BrewDog in row with HR adviser: A row has erupted between BrewDog and a human resources consultancy that offered to improve relations between the beer brand and its staff. The Times reports Allan Leighton, BrewDog’s chairman and the former boss of Asda, has accused Hand & Heart of “amplifying attacks” on its management team and has declined to take part in a proposed reconciliation programme. In a letter to Kate Bailey, Hand & Heart’s managing director, Leighton said he was concerned about a platform that had been set up for BrewDog workers, claiming it was “encouraging participants to submit malicious content…The unavoidable impression is that of H&H charging the company to extinguish a fire it is fuelling itself”. BrewDog’s treatment of staff came into focus after more than 100 former employees published an open letter last June criticising the culture of BrewDog. Co-founder James Watt apologised after the complaint by former staff, who went by the name Punks with Purpose. An internal review was launched, with Leighton brought in to oversee changes. Hand & Heart has set up a platform on its website where it says that BrewDog workers can independently register their experiences with the company “to assist Punks with Purpose in their core mission of tackling BrewDog’s cultural issues”. The consultancy had not been formally hired by BrewDog. The letter from Leighton was first reported by The Mail on Sunday. In it he also raises concerns about paying Hand & Heart “significant” fees to manage a reconciliation programme. Bailey said: “BrewDog issued a letter to me and my company that was filled with malicious, unfounded accusations designed to discredit me and my work. I published two lengthy and evidence-based factual rebuttals on my website. The letter and its dissemination, in my professional opinion as an experienced workplace consultant, is a failure of leadership and corporate governance who seemingly cannot comprehend the paper trail of facts that easily refute their claims, or how that would reflect on their company in the future. For the sake of BrewDog’s workforce and the many people exhausted by this situation, I do wish BrewDog could focus on the individuals who have alleged being harmed in their workplaces and make it right with them, and growing into a thriving global company – instead of spending their time attacking me and my company on false grounds.” BrewDog confirmed the letter had been sent but did not comment further.

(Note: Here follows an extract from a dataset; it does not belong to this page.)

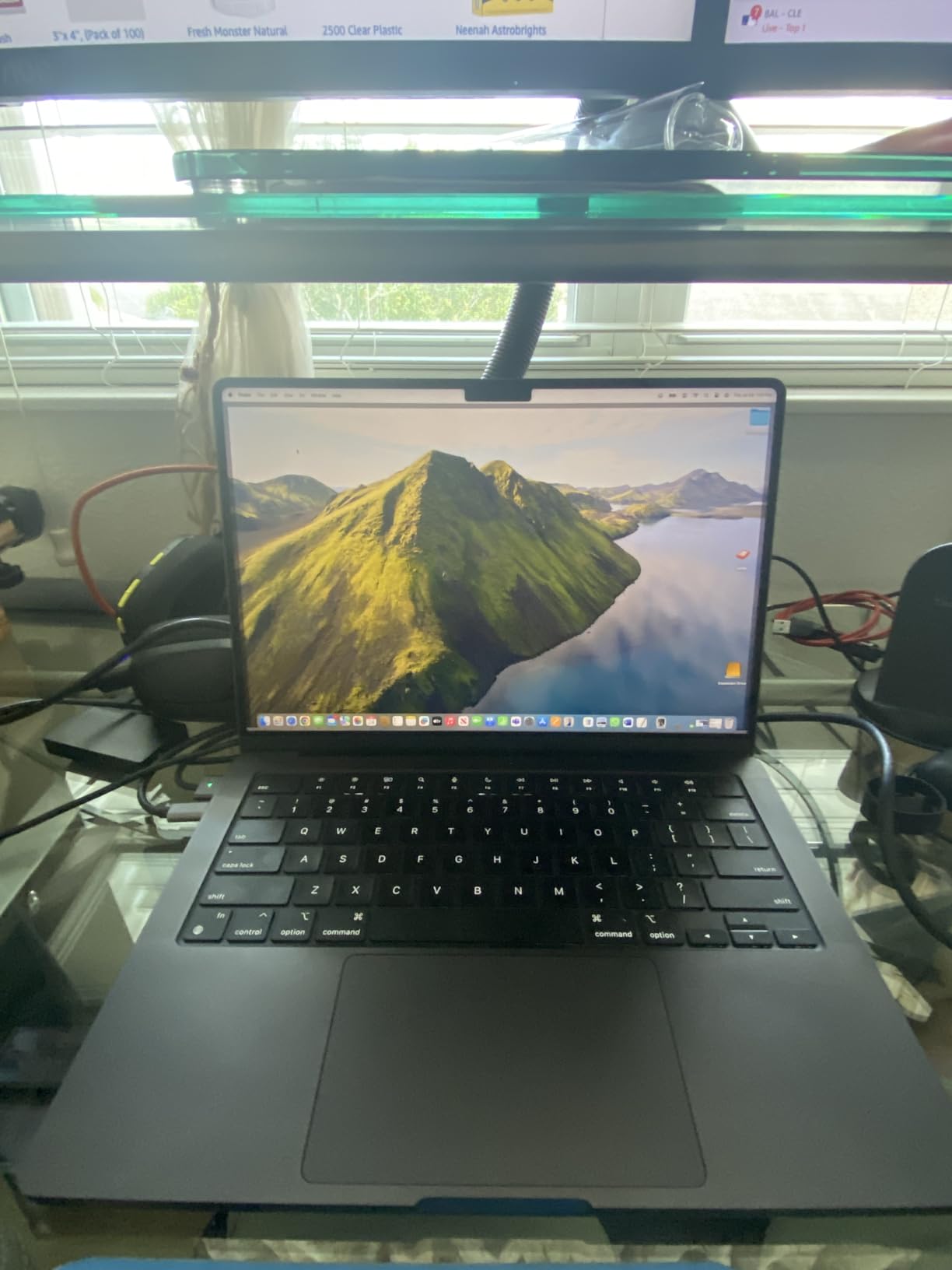 2024 MacBook Pro Laptop with M4 Pro, 12-core CPU, 16-core GPU: Built for Apple Intelligence, 14.2-inch Liquid Retina XDR Display, 24GB Unified Memory, 512GB SSD Storage; Silver customer photo 1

Enforcement threat over gender pay gap reporting: Employers that miss the gender pay gap reporting deadline for a second consecutive year will face “formal” enforcement action and could be named and shamed, the Equality and Human Rights Commission has warned. The alert comes ahead of a deadline today for private and voluntary sector employers and after one for most public sector employers last Wednesday. The commission issued warning notices to 1,400 employers that failed to report by last year’s extended deadline, which included a six-month grace period to October because of the pandemic. Warning notices were sent to more than 1,100 private sector employers and to 200 public sector employers and by late last month had led to 99%of those employees taking the “steps they needed to comply with the gender pay gap regulations”. The commission is warning organisations that failed to report their gender pay gap information for the October 2021 deadline that it “will consider taking formal enforcement action against repeating non-reporters once the 2022 reporting deadlines have passed”. Its enforcement powers range from entering a legally binding agreement, committing the organisation to an action plan and launching a formal investigation if it suspects illegality. The gender pay gap widened last year, despite the furlough scheme flattering the performance of some sectors, analysis by The Times a year ago suggested. Figures at the time showed that a woman earned 89p for every £1 that a man earned, on average. It meant that the pay gap widened to 11.1% in 2021, up from 10.6% the year before, 9.5% in 2019 and 9.3% in 2018.